Australian Family Physician
 

Vol 35, (8) 561 - 656 August 2006

Dengue fever and dengue haemorrhagic fever - A diagnostic challenge

Sanjaya Senanayake FRACP, MAppEpid, MBBS(Hons), BSc(Med), is Staff Specialist in Infectious Diseases, The Canberra Hospital, Lecturer, The Australian National University Medical School, and Conjoint Lecturer, The School of Public Health and Community Medicine, The University of New South Wales.

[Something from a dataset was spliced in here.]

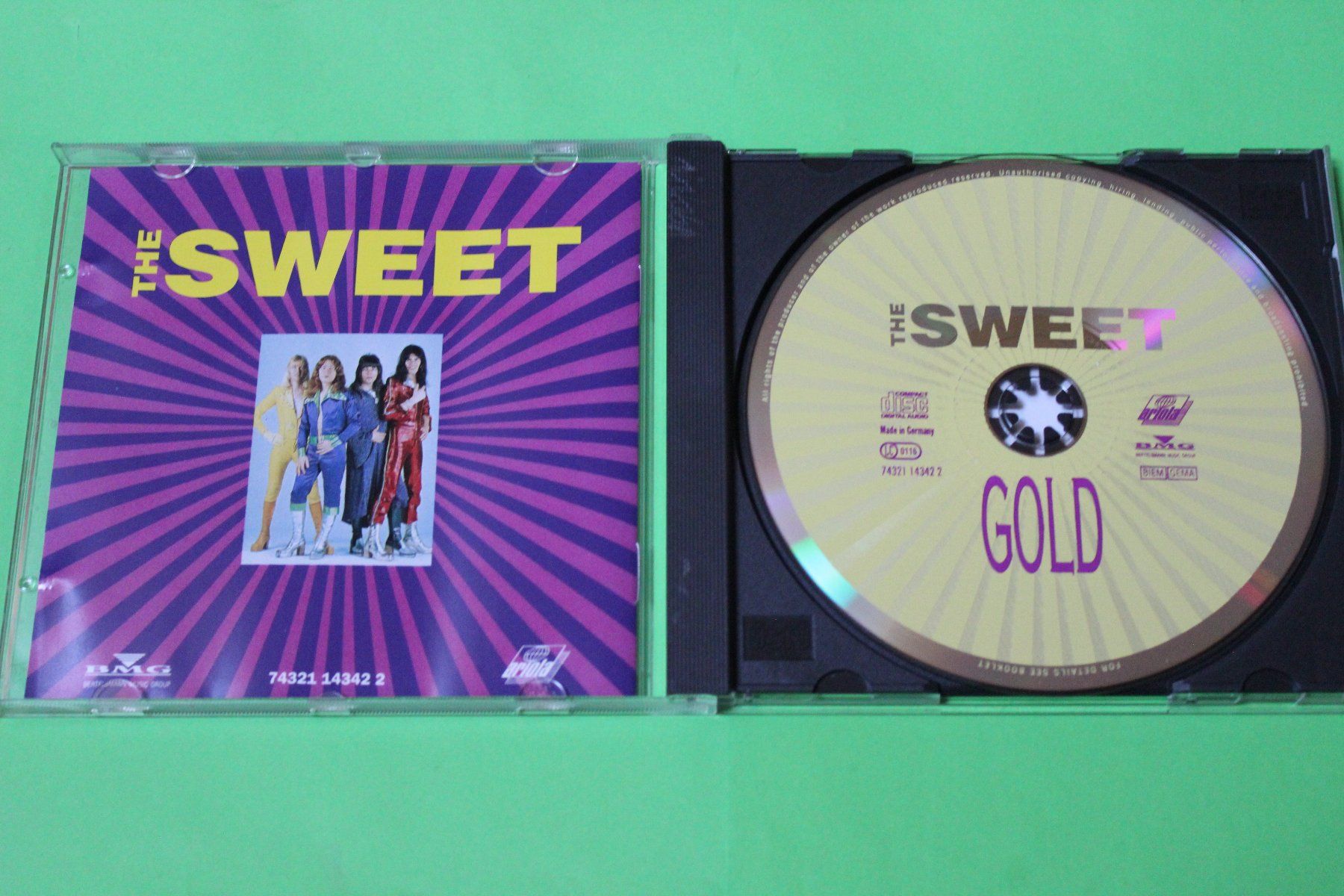 CD: THE SWEET - GOLD - 20 SUPER HITS CD – Usato da Tübach venduto da JamesStone 3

The number of cases of dengue fever in returning travellers is increasing worldwide. In Australia, two mosquito vectors exist and the Aedes aegypti mosquito has already been responsible for local transmission within Queensland. For these reasons, general practitioners need to be able to recognise dengue fever and its complications: dengue haemorrhagic fever (DHF) and dengue shock syndrome. Infections can vary from severe to asymptomatic. The incubation period, duration of fevers, presence of rash and relative bradycardia can assist in the diagnosis of dengue. Dengue haemorrhagic fever is a severe form of dengue fever associated with plasma leakage and specific risk factors. The risk of DHF to most travellers previously infected with dengue is probably low. Serology and reverse transcriptase polymerase chain reaction are useful tests for diagnosing infection, although both have limitations. Vaccine design is a promising strategy to prevent infection.